Dietro all’omicidio di Pier Paolo Pasolini, avvenuto quel 2 novembre del 1975, potrebbe esserci il furto di alcune pellicole. Secondo la relazione finale della Commissione parlamentare Antimafia della scorsa legislatura sarebbero state sottratti 70 originali del suo film ‘Salò e le 120 giornate di Sodoma’, allora ancora in produzione e rubate a Ferragosto del ‘75 da un capannone di Cinecittà. Lo scrittore-regista sarebbe andato all’idroscalo di Ostia, dove poi è stato ucciso, proprio per riuscire a recuperarle. In questa ipotesi, aggiunge la Commissione, sarebbero coinvolti nel delitto “gruppi malavitosi di rilievo”.

Nella relazione depositata dalla Commissione viene anche precisato che appaiono ormai del tutto improbabili soluzioni di carattere giudiziario, ma resta utile, in prospettiva storica, che le ricerche sul movente e sulle modalità dell’aggressione che causarono la morte di Pasolini, entrambe mai chiarite, siano eventualmente riprese alla luce dei pur embrionali rilievi emersi dalla attività della Commissione di inchiesta”.

La Commissione sottolinea che ci sono state inchieste di giornalismo investigativo che hanno “definitivamente sgretolata l’iniziale ipotesi, purtroppo allora sostenuta dai mezzi di comunicazione e da alcune pronunce giurisdizionali, secondo cui l’assassinio dello scrittore sarebbe stato solo il tragico esito di un incontro sessuale sfociato estemporaneamente in una aggressione da parte di un unico individuo e cioè Pino Pelosi”, detto ‘La Rana’, che fu condannato in Cassazione a 9 anni e 7 mesi di carcere nel 1979.

L’antimafia ricorda “omissioni particolarmente gravi” rispetto agli “accertamenti immediati che si sarebbero dovuti svolgere” come “la mancata audizione dei testimoni che abitavano nelle baracche della zona e che avevano udito quanto avvenuto quella notte e che avrebbero sin dal principio dato conto dell’evidenza che l’aggressione fu condotta da numerose persone” o “la mancanza, dopo l’omesso confinamento della zona ove il delitto era avvenuto, di approfondite perizie sulle gravi ferite riportate da Pasolini e sui mezzi con i quali queste erano state inferte”.

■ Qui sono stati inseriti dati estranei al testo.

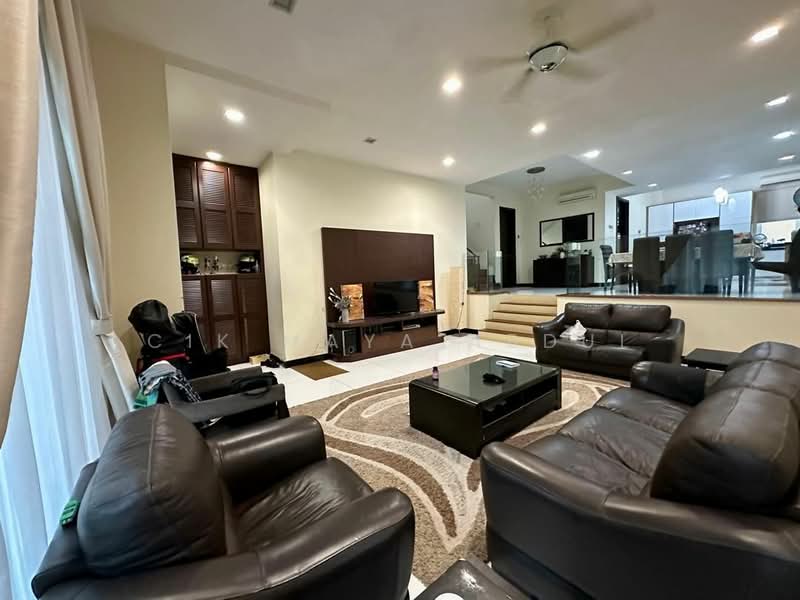 Semi-Detached House for Sale in Ampang Jaya (Ampang) - Cik Maya Abdul - Living Room - PropertyGuru.com.my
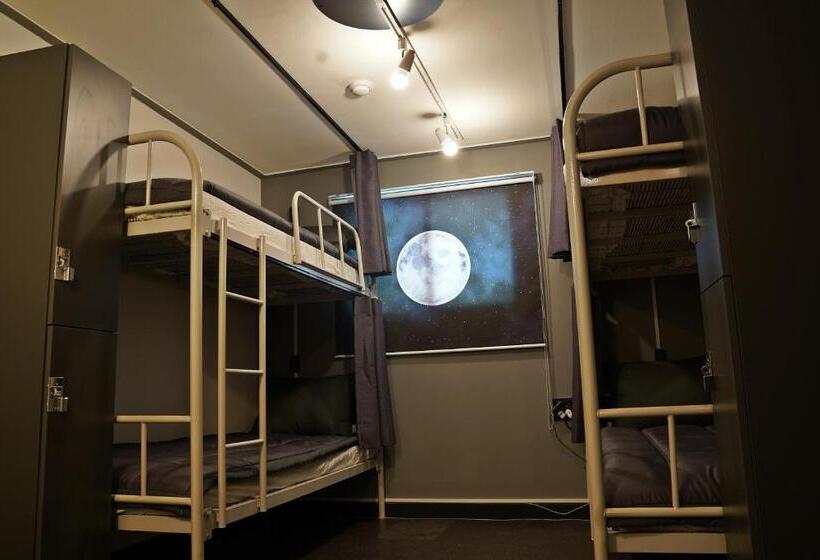 Négyágyas Standard Szoba, Apollo Guesthouse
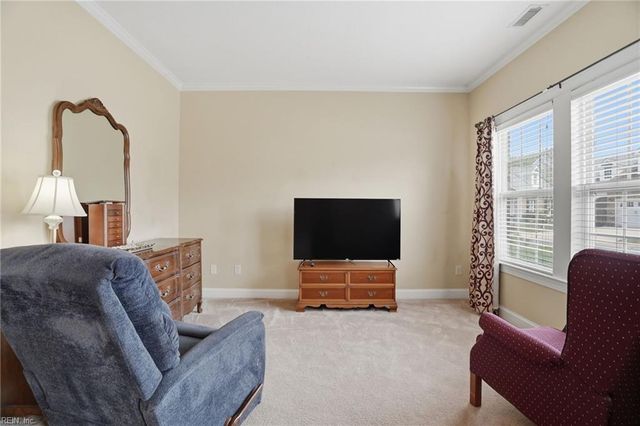 1431 Thistlewood LN, Chesapeake, VA 23320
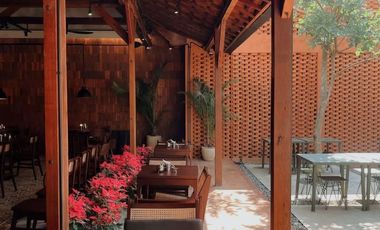 Rumah untuk Cafe di Pusat kota bandung sayap Dago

La Commissione ha ritenuto di affrontare questo tema “anche per i suoi evidenti collegamenti con il mondo della criminalità organizzata romana dell’epoca, ma fondamentalmente in ragione di alcune dichiarazioni rese da Maurizio Abbatino (uno dei capi della Banda della Magliana, poi collaboratore di giustizia ndr)” che è stato sentito dalla Commissione di inchiesta in “due distinte occasioni”. Ascoltata durante i lavori anche la ricercatrice e giornalista Simona Zecchi, che ha riferito “di aver svolto un colloquio con Nicola Longo“, ex poliziotto, che “avrebbe raccontato alla giornalista di aver avuto un ruolo importante nel recupero del materiale sottratto. Peraltro, tale rinvenimento sarebbe stato possibile solo alcuni mesi dopo la morte dello scrittore”. Longo “era entrato in contatto con un grosso personaggio della malavita prossimo al contesto criminale della banda della Magliana” e “si era reso disponibile a far recuperare gli originali del girato portando, come prova dell’effettivo possesso delle pellicole, un frammento del film”. Operazione andata a buon fine perché l’operazione di recupero aveva poi avuto successo in quanto allo le ‘pizze’ furono ritrovate sotto un tombino.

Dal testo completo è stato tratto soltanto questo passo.